News  Lessons from South Africa

ANC minister Ronnie Kasrils examines Israel with South Africa in mind for McGill’s Israeli Apartheid Week

The Daily caught up with former African National Congress (ANC) Minister Ronnie Kasrils on his way to his keynote speech for McGill’s Israeli Apartheid Week. to discuss what South African apartheid can teach the world about Gaza.

Of Jewish Lithuanian descent, Kasrils was born in Johannesburg and was a founding member of the ANC’s military wing. He worked as Chief of Military Intelligence for the ANC while exiled to neighbouring African countries and was later involved in South African politics as Deputy Minister of Defence.

McGill Daily: There was a recent petition that was signed by 500 prominent Israelis calling upon the international community to support the Boycott, Divestment and Sanctions (BDS) for Palestine campaign…. Could you comment on the state of anti-apartheid activism in Israel?

Ronnie Kasrils: I think that the fact that there are 500 courageous enough to come out in support of BDS is fantastic. It’s almost treasonable in Israel… and 500 is a very significant number.

There were times when there were far less than 500 South African whites who were prepared to stand up and side with the liberation movement. [But] it’s not just the number; it’s the symbolism.

It’s the fact that [Israelis who support BDS] are breaking with the orthodoxy of the state and the doctrine which basically says with an exclusivist state, that if you’re white or if you’re Jewish then the only way we can all survive is by standing together. So those whites who broke with that in South Africa really challenged the essence of racism and apartheid. The same thing is happening in Israel.

MD: How do you feel about comparisons between the ANC and Hamas? And in the face of the reality of the gross asymmetries when it comes to armed conflict in Israel-Palestine, do you think that the ramifications of Hamas’s militant policies need to affect the way in which its leaders are engaged in the international stage?

RK: I’ve met with Hamas leaders, and we’ve had very interesting, useful discussions. They’re very interested in our experience, our strategy of winning over whites in South Africa, They are very interested in [winning over Jews in Israel] and they began to see quite frankly that using indiscriminate violence against civilians is counter-productive. We might not endorse some of the methods they use but Hamas has stopped suicide bombings…

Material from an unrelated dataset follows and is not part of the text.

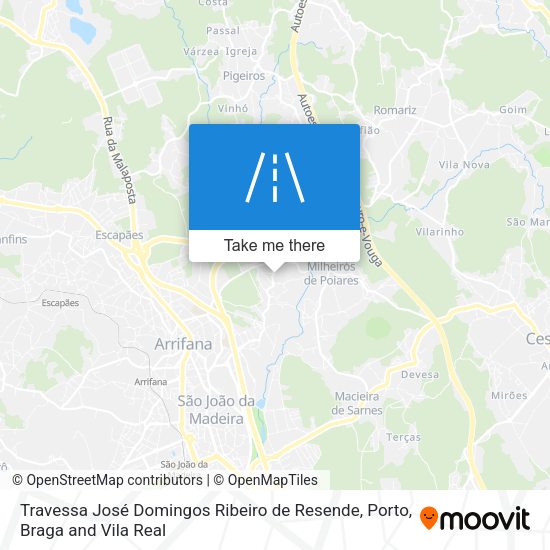 Travessa José Domingos Ribeiro de Resende map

These are people who are patriots, who are serious, who are human beings and shouldn’t be demonized. If you want to solve a problem in the end, it’s not your friends that you negotiate with, it’s your enemies.

And Israel has not taken the opportunity of getting together to resolve these problems and why? Because of the Zionist doctrine, they are not interested in negotiation. They want the entire land of the British Mandate to themselves, that’s the reason.

MD: In the case of South Africa, the end of apartheid meant integration and liberation for blacks: living in the same country under the same rights. What tack do you take in the Palestinian solidarity struggle vis-à-vis the one-state versus the two-state solution?

RK: With South Africa, right from an early time of the struggle we made it very clear that we were talking about the liberation of the whole country and the unity state in which all our people would be equal citizens. In 1955, [the ANC] came up with this blueprint for a free South Africa and it starts in the preamble, “We South Africans, together we say that South Africa belongs to all the people who live in it, black and white, as equal citizens.”

But when you look at Palestine, it’s not for us to decide for the Palestinians, or for the Jews living in the former British Mandate Palestine, how to struggle, or what the objective should be. We want to support a whole movement which is for justice, which is for equality of people and so on.

Up until the late eighties the Palestine Liberation Organization talked about one state…. But when [Yasser] Arafat went into Oslo from the Madrid talks and stated that they would settle for a two-state solution along the lines of the pre-1967 borders, it wasn’t for us to argue with that. We supported that.

But of course what’s happened since Oslo in terms of the two states has greatly undermined it. Israel has moved against the idea of real contiguity and sovereignty.

[Palestinian] territory is shrinking because the illegal settlements have been expanding over time no matter which party is in power. So from that point of view, [the two-state solution] needs to be reconsidered.

MD: If we look at the BDS campaign, designed as it is as more or less a blanket boycott of Israeli goods, industry, academics, do you fear that the majority of the Israeli public will be alienated by it?

RK: I think you’ll find [Israeli support for the boycotts] narrow when they are appalled and they will react with anger. [Support] in turn [widen].

In South Africa, initially, [whites] were affronted by this and asked “how dare these people challenge us this way? They’re crazy, they don’t understand.” But in time it opens people’s eyes, as you sustain such pressure.

So in 1959 when the international boycott started, the support was very narrow, but by 1989 huge numbers of whites were actually joining these anti-apartheid protests. They were tired of finding themselves treated like lepers in the world, seeing their sports teams being jeered at internationally, the life lines cut off for their trade, for their cultural exchanges. For the academics it all came home to roost; for the business people, it was biting their pockets.